Mark Couwenhoven

Personal information
- Nationality: United States
- Born: January 28, 1997 (age 29)
- Height: 6 ft 5 in (196 cm)
- Weight: 180 lb (82 kg)

Sport
- Sport: Rowing

Medal record
Men's rowing
Representing United States
Pan American Games
| Gold medal – first place | 2023 Santiago | Mixed Eight |
| Bronze medal – third place | 2023 Santiago | Double sculls |

= Mark Couwenhoven =

American rower (born 1997)

Mark Couwenhoven (born January 28, 1997) is an American rower. At the 2023 Pan American Games, he won gold as a member of the mixed eight competition.

==Early life and education==
Born January 28, 1997, Couwenhoven was raised in Parkton, Maryland. He attended the University of Maryland, Baltimore County.

==Career ==

=== Collegiate career ===
Couwenhoven rowed with the University of Maryland, Baltimore County. In 2017, he won the lightweight eight at the Dad Vail Regatta. The next two years, he won the single sculls at the American Collegiate Rowing Association National Championships, as well as at the 2019 Dad Vail Regatta.

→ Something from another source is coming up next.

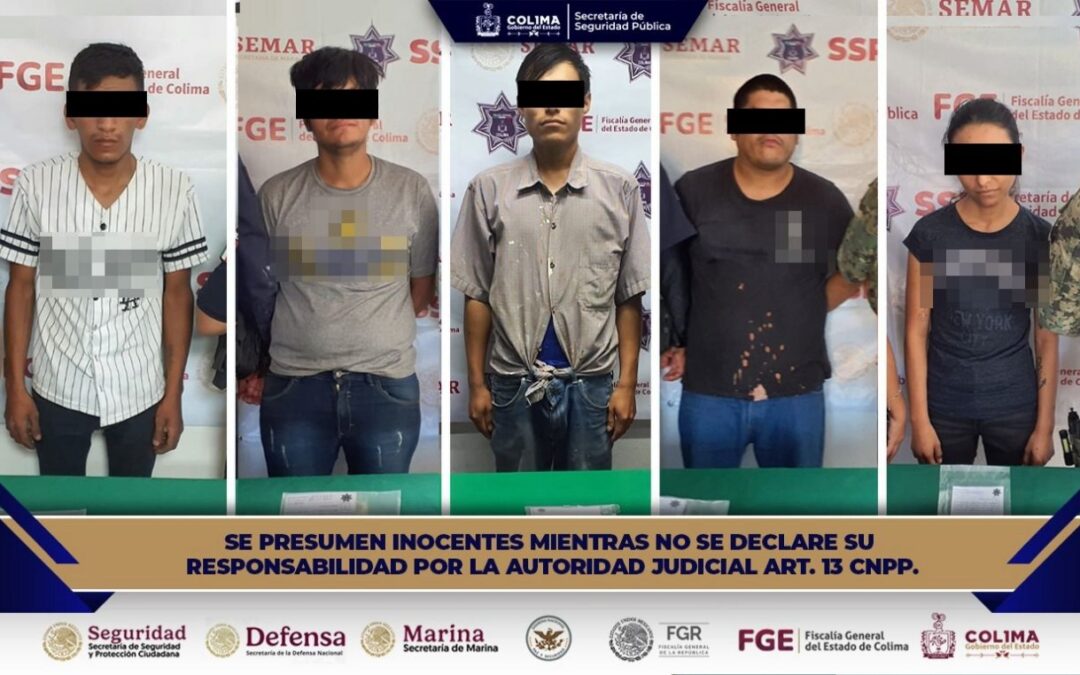 DETIENE POLICÍA ESTATAL A 5 PERSONAS POR DELITOS CONTRA LA SALUD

=== National and international career ===
In 2015, Couwenhoven competed at the Canadian Henley, where he won the under-19 single sculls. In 2019, he finished tenth in the double at the World Rowing U23 Championships. In 2023, he competed in the Pan American Games, finishing first in the mixed eight competition, third in the men's double, fourth in the men’s eight, and fourth in the men's quad.